Hiring a Caregiver: A Cultural Consideration
by Sharon K. Brothers, MSW
CEO, Institute for Professional Care Education
If you’ve hired a private caregiver you probably know this already; the nation’s caregiving community is composed largely of individuals who are foreign born or from minority ethnic groups.
For many families, this is a challenge, but one that can be overcome. Sharing your cultural heritage and learning about another person’s culture can often be fun and rewarding, especially if you overcome some of the most basic challenges:
Communication. Let’s start with the basics: communication. It’s tough to communicate with a caregiver who speaks limited English. It’s even tougher to ask this caregiver to communicate with an elderly loved one who may suffer from hearing loss, dementia or other conditions that impair communication in the best of situations.
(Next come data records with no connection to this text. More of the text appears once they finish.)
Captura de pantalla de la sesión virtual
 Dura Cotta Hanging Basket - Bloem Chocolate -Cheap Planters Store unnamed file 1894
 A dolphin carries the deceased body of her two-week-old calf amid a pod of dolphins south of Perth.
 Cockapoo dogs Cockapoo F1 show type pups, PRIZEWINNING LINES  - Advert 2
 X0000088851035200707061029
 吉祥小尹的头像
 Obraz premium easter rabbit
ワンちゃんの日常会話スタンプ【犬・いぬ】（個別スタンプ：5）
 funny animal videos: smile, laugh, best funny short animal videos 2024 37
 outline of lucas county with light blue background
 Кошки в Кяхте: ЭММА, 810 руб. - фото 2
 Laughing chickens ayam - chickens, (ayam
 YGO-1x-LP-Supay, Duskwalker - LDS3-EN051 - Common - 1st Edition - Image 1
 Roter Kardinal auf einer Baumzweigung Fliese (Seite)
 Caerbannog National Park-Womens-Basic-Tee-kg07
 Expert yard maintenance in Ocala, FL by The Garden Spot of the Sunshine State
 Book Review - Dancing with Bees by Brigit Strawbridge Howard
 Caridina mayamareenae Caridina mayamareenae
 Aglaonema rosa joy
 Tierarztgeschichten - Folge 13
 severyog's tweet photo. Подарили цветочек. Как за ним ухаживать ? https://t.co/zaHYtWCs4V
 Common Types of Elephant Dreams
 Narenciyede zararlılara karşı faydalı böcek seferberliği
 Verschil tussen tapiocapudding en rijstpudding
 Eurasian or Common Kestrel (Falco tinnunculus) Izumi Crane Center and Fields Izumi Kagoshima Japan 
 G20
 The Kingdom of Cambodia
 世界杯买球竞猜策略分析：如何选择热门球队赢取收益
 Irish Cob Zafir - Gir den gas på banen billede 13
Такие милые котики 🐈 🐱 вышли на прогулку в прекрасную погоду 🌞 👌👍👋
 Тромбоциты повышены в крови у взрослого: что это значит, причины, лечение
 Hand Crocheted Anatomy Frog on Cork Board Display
Yet caregivers from other cultures, who speak very limited English, can be compassionate, gentle, reliable sources of care for our loved ones. Try these approaches to bridge the communication gap:
- Make sure emergency communication is possible. Can the caregiver call 911 in case of an emergency and clearly express the emergency? Can she relay the address and phone number of the location? Ask, “Tell me what you would do if the oven caught fire and you needed to call the fire department.” Listen carefully to what the caregiver says, and coach her if needed until you feel comfortable with her ability in this area. Print the address and phone number of the location clearly, and post it near the phone. We all know the feeling of forgetting our own phone number in a crisis — and that’s without a language barrier.
- Let the caregiver know what you need to know each time you visit or call. Do you want to know how your loved one ate or slept? What activities he did during the day? How he seems to be feeling emotionally? Try creating a task sheet with each of these questions written out for the caregiver, and space for her to write in answers each day. Many foreign born individuals learn to read English but are hesitant about speaking it.
- Learn a few words in the caregiver’s language. Try hello, thank you and good bye, for starters. As you learn to respect the language of your caregiver, she will feel more comfortable in communicating with you in your language.
- Encourage the caregiver to speak English by praising every attempt. Often people are reluctant to practice their English because they feel that their pronunciation is poor or they are embarrassed at their lack of skill. Try not to correct or criticize attempts, but praise them for each progressive success in the language.
- Help your loved one communicate. If the caregiver is not able to freely communicate with your loved one, recognize that your loved one needs other companionship for communication. Spend as much time as you can simply talking to and listening to your loved one. Include the caregiver when you can to help bridge the gap between the two.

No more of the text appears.